Can you set down, exactly as they appear below, the lines from the opening of the material through the one bearing "asian interracial relationships", minus the pictures?

**Supplied material**.
========================================

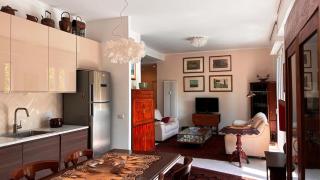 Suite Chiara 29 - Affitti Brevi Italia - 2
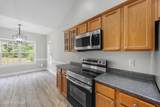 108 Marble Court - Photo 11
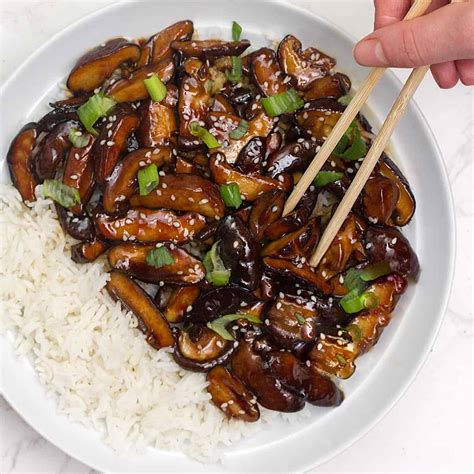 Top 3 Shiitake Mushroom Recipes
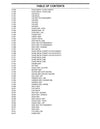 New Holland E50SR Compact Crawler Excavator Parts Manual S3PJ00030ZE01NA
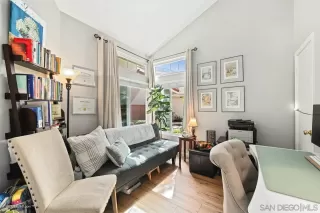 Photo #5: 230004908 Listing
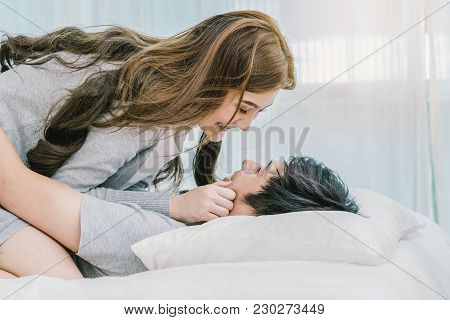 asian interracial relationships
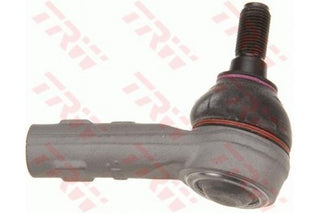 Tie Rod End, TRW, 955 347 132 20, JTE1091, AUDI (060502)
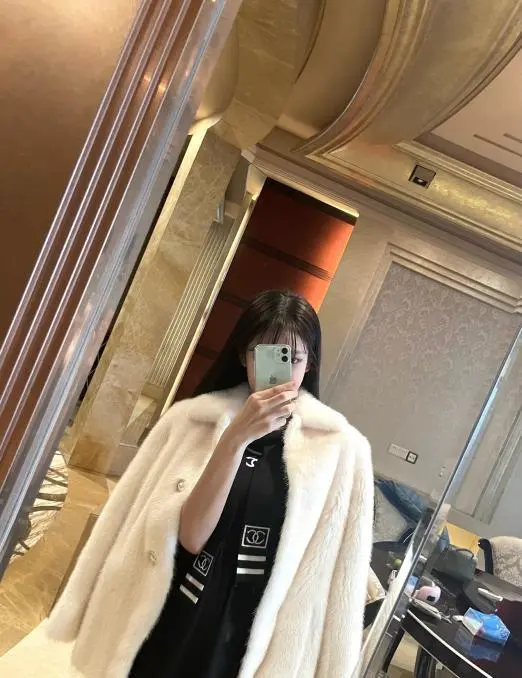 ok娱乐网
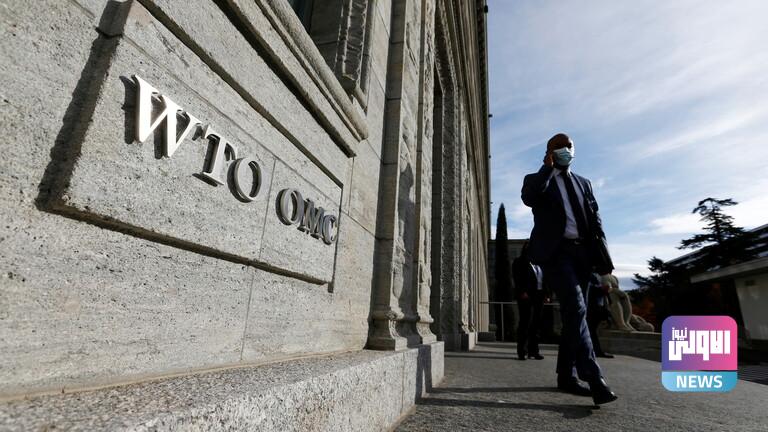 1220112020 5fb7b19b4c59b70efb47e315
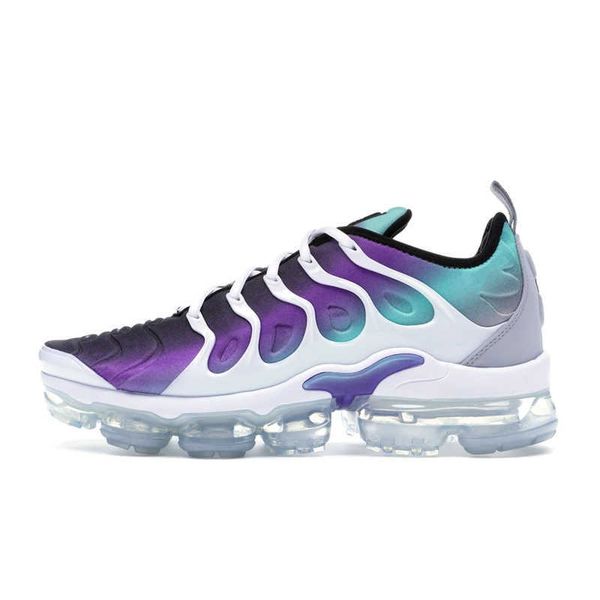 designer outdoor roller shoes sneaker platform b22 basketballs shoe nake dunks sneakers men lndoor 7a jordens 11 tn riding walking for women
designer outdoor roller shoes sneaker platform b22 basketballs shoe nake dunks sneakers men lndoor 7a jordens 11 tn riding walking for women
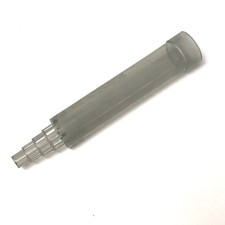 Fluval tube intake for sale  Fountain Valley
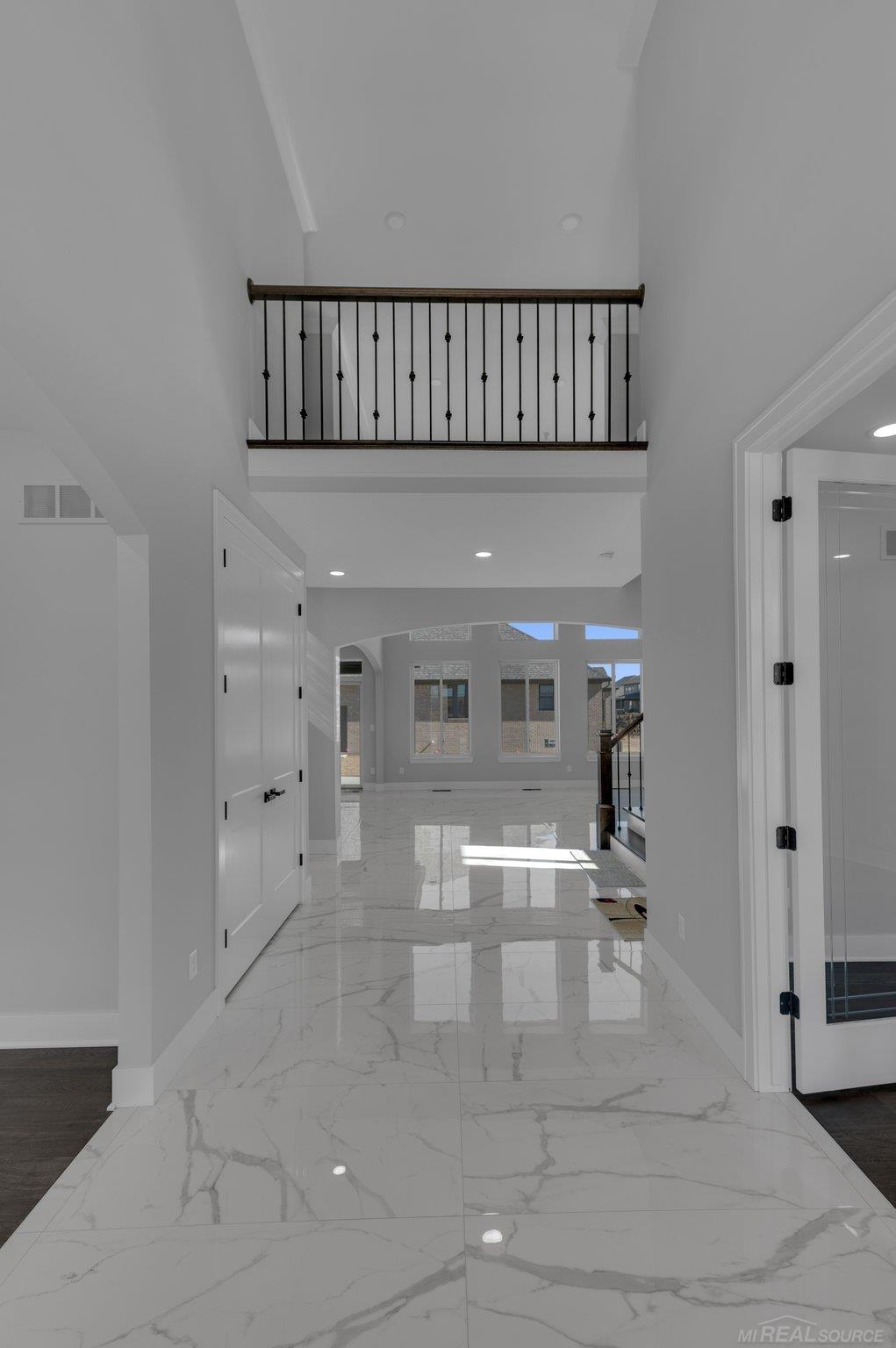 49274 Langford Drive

========================================

**Task solution**.
 Suite Chiara 29 - Affitti Brevi Italia - 2
 108 Marble Court - Photo 11
 Top 3 Shiitake Mushroom Recipes
 New Holland E50SR Compact Crawler Excavator Parts Manual S3PJ00030ZE01NA
 Photo #5: 230004908 Listing
 asian interracial relationships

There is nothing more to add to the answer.